We chose a tiny and lightweight student model and further reduced the size of the layers to 1512 intermediate size and 128 embedding sizes. Next, we modified the sequence length to 128 from 512 to make the model inference more performant in terms of latency.
Via distillation, we then inferred the behaviour of a large teacher model on our student model.
Finally, we converted the model to ONNX, so that we could run it in Tract.
Tract is a neural network inference engine, think of it as a lightweight version of TensorFlow. It’s maintained as an open-source project by Sonos and is available for the Rust programming language.
Rust itself is well known for its excellent performance and memory safety. This alone already made it an ideal candidate for our project; however, speed was not the only reason to choose Rust. The mobile market is dominated by Android and iOS and each platform runs on different CPU architectures still.

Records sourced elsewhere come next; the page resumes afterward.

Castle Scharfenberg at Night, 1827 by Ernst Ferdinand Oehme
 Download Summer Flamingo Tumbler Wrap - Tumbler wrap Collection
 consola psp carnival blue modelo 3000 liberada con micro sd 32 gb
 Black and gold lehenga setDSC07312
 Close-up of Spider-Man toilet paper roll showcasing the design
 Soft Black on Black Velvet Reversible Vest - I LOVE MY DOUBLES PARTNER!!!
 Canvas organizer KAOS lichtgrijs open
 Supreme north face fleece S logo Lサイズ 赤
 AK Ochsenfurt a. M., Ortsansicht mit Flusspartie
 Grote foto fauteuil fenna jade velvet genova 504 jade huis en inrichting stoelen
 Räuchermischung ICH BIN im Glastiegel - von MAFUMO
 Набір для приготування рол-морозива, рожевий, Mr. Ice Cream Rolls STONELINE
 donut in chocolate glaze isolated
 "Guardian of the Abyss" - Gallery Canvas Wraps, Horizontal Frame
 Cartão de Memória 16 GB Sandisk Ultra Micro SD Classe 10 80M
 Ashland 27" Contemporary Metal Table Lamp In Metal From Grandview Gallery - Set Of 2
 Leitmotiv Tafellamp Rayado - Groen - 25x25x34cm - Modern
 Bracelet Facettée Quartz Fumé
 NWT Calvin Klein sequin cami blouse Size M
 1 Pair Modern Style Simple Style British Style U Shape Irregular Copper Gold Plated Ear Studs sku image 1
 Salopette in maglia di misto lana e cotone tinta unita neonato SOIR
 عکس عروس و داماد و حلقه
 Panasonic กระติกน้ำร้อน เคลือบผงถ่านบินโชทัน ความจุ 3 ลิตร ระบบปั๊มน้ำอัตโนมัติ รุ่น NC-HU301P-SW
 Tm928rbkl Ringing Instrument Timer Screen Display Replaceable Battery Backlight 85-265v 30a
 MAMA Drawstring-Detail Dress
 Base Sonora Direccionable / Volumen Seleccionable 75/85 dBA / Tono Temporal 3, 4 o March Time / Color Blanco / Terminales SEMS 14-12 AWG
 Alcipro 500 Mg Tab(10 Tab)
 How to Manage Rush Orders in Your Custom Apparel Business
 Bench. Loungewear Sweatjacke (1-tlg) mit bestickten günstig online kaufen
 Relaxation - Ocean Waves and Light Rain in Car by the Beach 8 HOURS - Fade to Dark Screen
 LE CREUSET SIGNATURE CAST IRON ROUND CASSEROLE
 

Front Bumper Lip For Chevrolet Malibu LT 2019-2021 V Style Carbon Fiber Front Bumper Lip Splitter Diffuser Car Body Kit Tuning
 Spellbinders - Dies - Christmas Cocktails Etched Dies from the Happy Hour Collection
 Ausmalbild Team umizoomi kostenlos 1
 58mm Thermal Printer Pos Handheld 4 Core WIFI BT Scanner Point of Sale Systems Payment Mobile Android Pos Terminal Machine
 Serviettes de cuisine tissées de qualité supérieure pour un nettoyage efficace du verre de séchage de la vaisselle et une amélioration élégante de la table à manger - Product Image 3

With Rust, we could compile against the most common architectures, even targeting web assembly if we wanted to. We could really optimise our binary even further, using LTO for example.
Today, we are no longer building this app, but we’ve taken what we’ve learned and instead offer our personalisation as a service for B2B clients. Our goal has shifted to providing a service that is reliable, affordable, and of course, performing well enough on benchmarks.
With Rust, we were able to create a robust web application on top of the existing framework that we had developed for mobile devices and we expose our functionality via APIs written in the open API standard.
Given all the optimisations mentioned in this article, moving to the cloud gave us a clear competitive edge – we could offer semantic similarity and semantic search at a very cheap price, and we are continuing our efforts to provide more NLP-related functionality down the line.
At the same time, we are working hard to keep improving our model and to score better on benchmarks.